» DATA:
::::::::

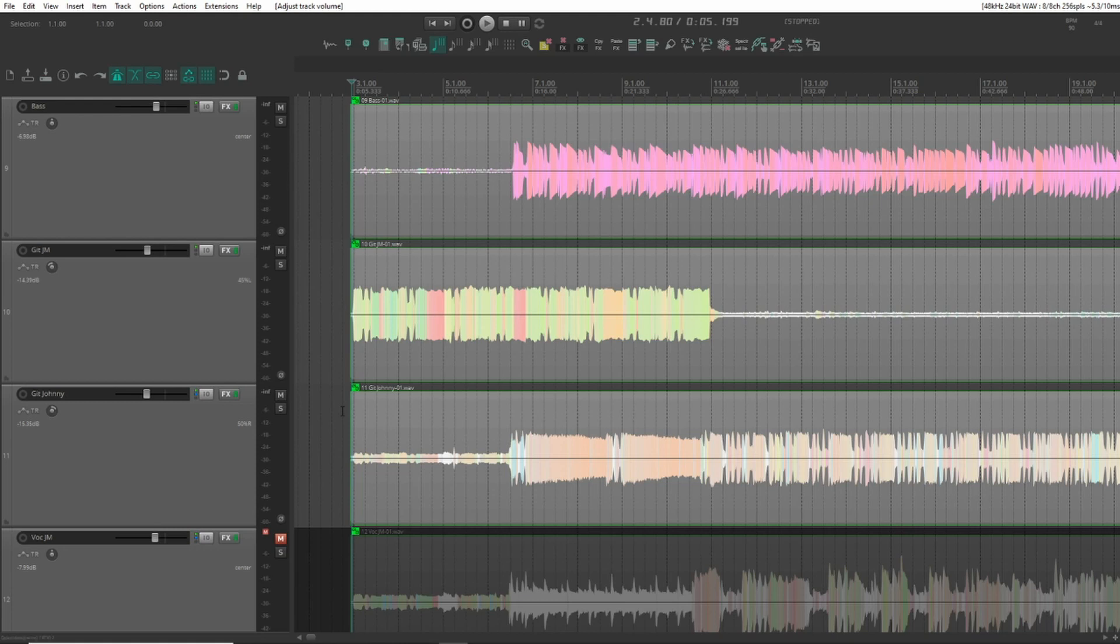Now fortunately I know the song very well so I have a good idea at what the tempo should be. And that's about 90 BPM so I've inserted that as a bass tempo.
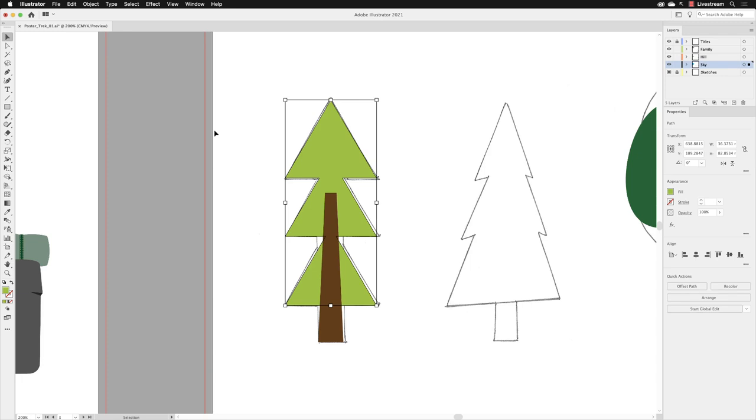Before we edit the anchor points, we need to have our shapes in front of the next pencil sketch, just to the right hand side, so we can edit them accurately.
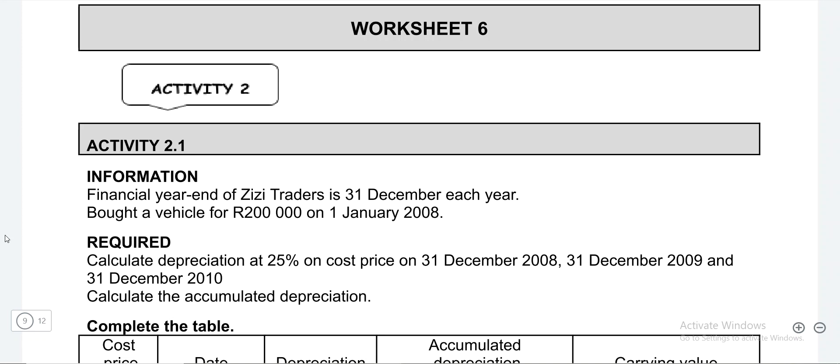Hi guys, this is Mr. Choker. I'm a professional teacher for accounting, business studies, EMS as well as research. If you're watching this, you're definitely at the right place. Please make sure that you hit the subscribe button down there and I promise you that will make your academic problems a thing of the past. Now with that out of the way, let's get into the lesson.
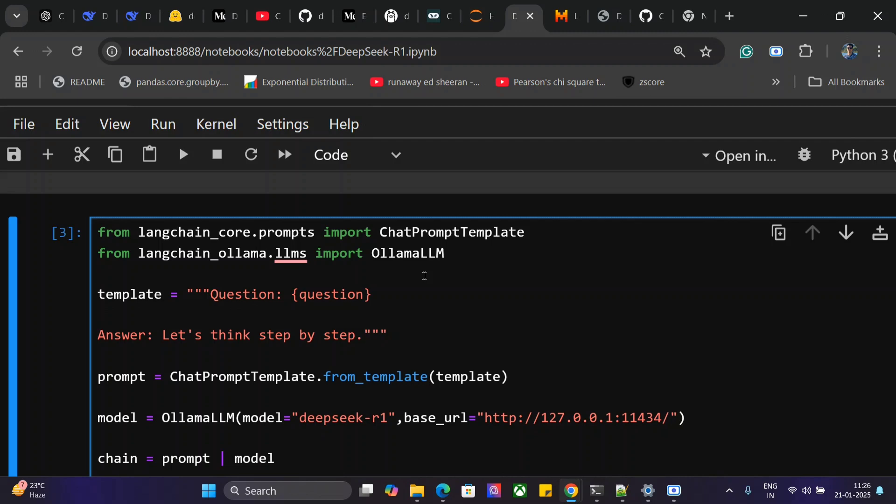All the distilled models are available, and even the original models are present, but they're quite huge—671 billion parameters. Hence, it won't be wise to run those on your local system as they won't be compatible. I hope you try out the distilled models. They're very good, and you can make exciting applications using them. Thank you!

::::::::

» PROBLEM REQUIREMENTS:
Counting the line with "Hi guys, this" and the last line of the data above, transcribe those two lines and every line between them exactly, without the pictures.

» SOLVED EXERCISE:
Hi guys, this is Mr. Choker. I'm a professional teacher for accounting, business studies, EMS as well as research. If you're watching this, you're definitely at the right place. Please make sure that you hit the subscribe button down there and I promise you that will make your academic problems a thing of the past. Now with that out of the way, let's get into the lesson.
All the distilled models are available, and even the original models are present, but they're quite huge—671 billion parameters. Hence, it won't be wise to run those on your local system as they won't be compatible. I hope you try out the distilled models. They're very good, and you can make exciting applications using them. Thank you!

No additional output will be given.